Dr. Acharya received his Ph.D. in Materials Science and Engineering in 2010 from the University of Florida, where he was mentored by Dr. Benjamin G. Keselowsky. He joined Dr. Murthy’s laboratory in 2011 and has worked on several projects. Dr. Acharya’s Graduate and post-graduate work was multi-disciplinary which spanned from developing drug delivery approaches for targeting the immune system to development of new analytical methods. He developed biomaterials to provide different adhesion cues at varying surface density to modulate the function of dendritic cell, a central regulator of immune system. To further assess the functions of dendritic cells, he developed a high-throughput system to screen cellular responses to vaccines components or other immune-modulators formulation encapsulated in PLGA particles and probe the modulation in cell function. In his post-graduate work, Dr. Acharya improved the sensitivity of commercial biochemical assays by 2 orders of magnitude, and could quantify intracellular concentrations of proteins from as few as 10 cells. Furthermore, he worked on an extracellular DNA targeted pro-drug strategy against cancer. Currently, Dr. Acharya is working on developing small molecule strategies to modulate the metabolism of lactate in diseases such as cancer and lactic acidosis. He is also involved with developing new substrates for horseradish peroxidase that can detect tuberculosis antigen in the tissue samples of human tuberculosis patients. To see Abhinav’s complete work history, please find him on LinkedIn.

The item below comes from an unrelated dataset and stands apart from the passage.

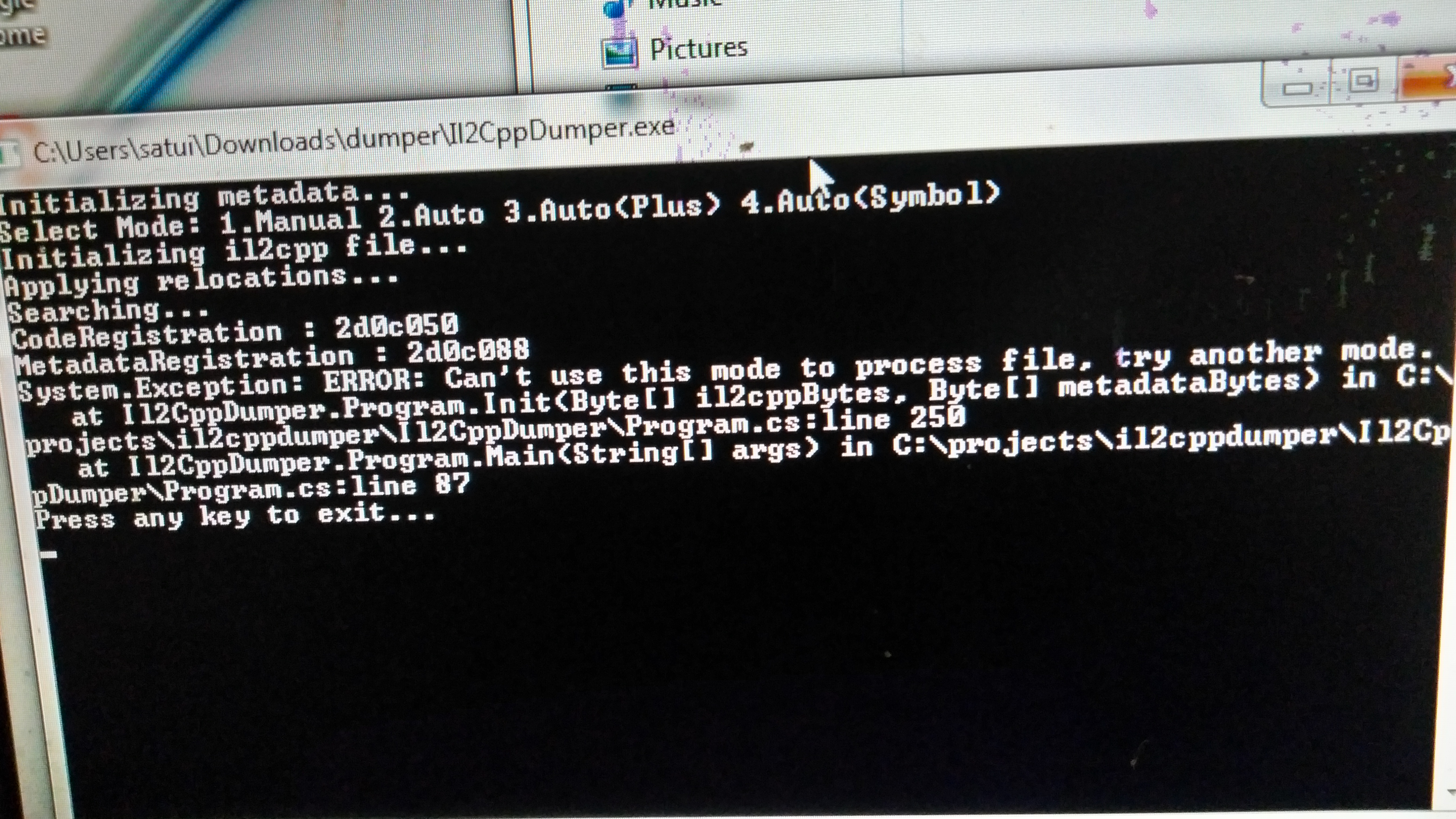 Error Can't Dump · Issue #174 · Perfare/Il2CppDumper · GitHub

Dr. Kiana Aran received her Ph.D. in Biomedical Engineering from Rutgers University in 2012. She joined Dr. Murthy’s Lab in 2012 as a Postdoctoral Scientist. Dr. Aran’s research focuses on the development of MEMs devices for point of care clinical diagnostics and health management. Her research combines polymeric science with MEMs systems to create novel device solution for disease diagnostics and drug delivery. Dr. Aran has expertise in microfluidics, microdevice design and fabrication as well as experience in novel polymer design for development of stimuli responsive material to be incorporated in MEMs devices for biological applications.
Dr. HyunJin Kim is a Postdoctoral Fellow at UC Berkeley, having received his Ph.D. at the University of Tokyo in 2010. He obtained his B.S. and M.S. from Seoul National University and he is now working on Protein Delivery with Murthy Lab.
Dr. Carlo Lo Sterzo received his Ph.D in Biochemistry at the University of Rome, “Sapienza.” He is now a Postdoctoral Fellow at UC Berkeley, working in the Bioengineering Department with the Murthy Lab since January 2013. Carlo is making big gains in his two current projects: the design of engineered therapeutic protein, to improve the delivery efficiency and specific targeting, and Real-Time cell imaging, with particular interest on phosphorylation pathway imaging and Therapeutic Protein delivery. Please find Carlo on LinkedIn for further information!
Dr. Santanu Maity received his Ph.D. in Organic Chemistry from University of Geneva in 2010. After his Ph.D., he joined BIOCON as a Senior Research Scientist from 2011 to 2012. He started his work with Murthy Lab in 2012 as a Postdoctoral Scientist. His research focuses on the design and synthesis of chemically triggered on-demand drug delivery vehicle and action potential imaging probes.
Dr. Xinghai Ning received his Ph.D. in Chemistry from the University of Georgia in 2008. He joined Murthy Lab in 2009.
Dr. Mohammad Rafi received his Ph.D. in Internal Medicine from the University of Tokyo, Japan. He has been working as a Postdoctoral Fellow in the laboratory of Professor Murthy since 2012. Rafi’s major research interests include drug delivery and molecular imaging. He is currently working on in vivo delivery of transcription factors for the treatment of acute liver failure and imaging of bacterial infections. He has expertise in nanomedicine, oncology, preclinical research and polymeric micelles and nanoparticles for disease diagnosis and therapy.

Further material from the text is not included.